** Work request **
Lines after the one containing "26 ���� 2024 � ������ ���� ����������" are to be omitted; print exactly each line from the start of the records up to and including it.

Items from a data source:
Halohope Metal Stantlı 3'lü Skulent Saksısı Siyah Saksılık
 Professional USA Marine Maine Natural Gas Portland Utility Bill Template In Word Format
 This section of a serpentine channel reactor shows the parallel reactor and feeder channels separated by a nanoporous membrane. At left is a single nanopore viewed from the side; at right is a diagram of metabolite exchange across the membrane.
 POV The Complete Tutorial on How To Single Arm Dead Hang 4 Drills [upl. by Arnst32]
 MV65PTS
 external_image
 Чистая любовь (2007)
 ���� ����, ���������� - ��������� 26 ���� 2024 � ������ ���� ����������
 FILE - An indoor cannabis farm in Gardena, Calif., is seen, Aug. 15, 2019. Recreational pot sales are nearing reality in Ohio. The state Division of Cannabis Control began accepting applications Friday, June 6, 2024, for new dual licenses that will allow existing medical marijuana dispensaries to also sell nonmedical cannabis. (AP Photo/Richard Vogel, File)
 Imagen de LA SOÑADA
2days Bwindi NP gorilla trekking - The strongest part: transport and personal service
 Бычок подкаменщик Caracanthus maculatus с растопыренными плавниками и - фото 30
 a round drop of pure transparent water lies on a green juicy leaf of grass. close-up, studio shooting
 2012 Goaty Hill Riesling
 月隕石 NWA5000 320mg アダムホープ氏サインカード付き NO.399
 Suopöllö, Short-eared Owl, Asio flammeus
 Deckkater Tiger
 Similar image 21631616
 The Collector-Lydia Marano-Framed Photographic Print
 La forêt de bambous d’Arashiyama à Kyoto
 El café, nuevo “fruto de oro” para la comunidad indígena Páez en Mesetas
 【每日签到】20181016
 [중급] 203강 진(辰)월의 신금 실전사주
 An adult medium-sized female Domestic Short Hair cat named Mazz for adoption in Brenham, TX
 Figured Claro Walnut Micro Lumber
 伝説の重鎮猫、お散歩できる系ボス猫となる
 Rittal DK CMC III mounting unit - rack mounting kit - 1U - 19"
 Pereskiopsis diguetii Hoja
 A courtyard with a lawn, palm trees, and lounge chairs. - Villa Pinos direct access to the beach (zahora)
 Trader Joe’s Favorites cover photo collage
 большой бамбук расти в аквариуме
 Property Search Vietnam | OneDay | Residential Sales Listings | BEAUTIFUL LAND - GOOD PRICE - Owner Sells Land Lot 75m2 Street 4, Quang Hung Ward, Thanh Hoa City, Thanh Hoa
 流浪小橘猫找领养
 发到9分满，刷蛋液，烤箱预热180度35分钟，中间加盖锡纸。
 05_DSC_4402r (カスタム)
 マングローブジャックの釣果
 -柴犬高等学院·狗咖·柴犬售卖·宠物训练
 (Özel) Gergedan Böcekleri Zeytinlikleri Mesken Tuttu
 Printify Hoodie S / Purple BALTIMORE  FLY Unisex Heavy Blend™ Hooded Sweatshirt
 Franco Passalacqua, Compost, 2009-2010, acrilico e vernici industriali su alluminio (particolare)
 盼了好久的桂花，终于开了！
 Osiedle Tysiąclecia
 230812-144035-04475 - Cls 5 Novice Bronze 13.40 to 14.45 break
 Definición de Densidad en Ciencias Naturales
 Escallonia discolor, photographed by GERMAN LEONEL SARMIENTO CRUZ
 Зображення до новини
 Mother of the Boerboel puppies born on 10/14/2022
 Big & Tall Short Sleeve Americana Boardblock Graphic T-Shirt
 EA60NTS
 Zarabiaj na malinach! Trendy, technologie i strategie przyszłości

** Expected answer **
Halohope Metal Stantlı 3'lü Skulent Saksısı Siyah Saksılık
 Professional USA Marine Maine Natural Gas Portland Utility Bill Template In Word Format
 This section of a serpentine channel reactor shows the parallel reactor and feeder channels separated by a nanoporous membrane. At left is a single nanopore viewed from the side; at right is a diagram of metabolite exchange across the membrane.
 POV The Complete Tutorial on How To Single Arm Dead Hang 4 Drills [upl. by Arnst32]
 MV65PTS
 external_image
 Чистая любовь (2007)
 ���� ����, ���������� - ��������� 26 ���� 2024 � ������ ���� ����������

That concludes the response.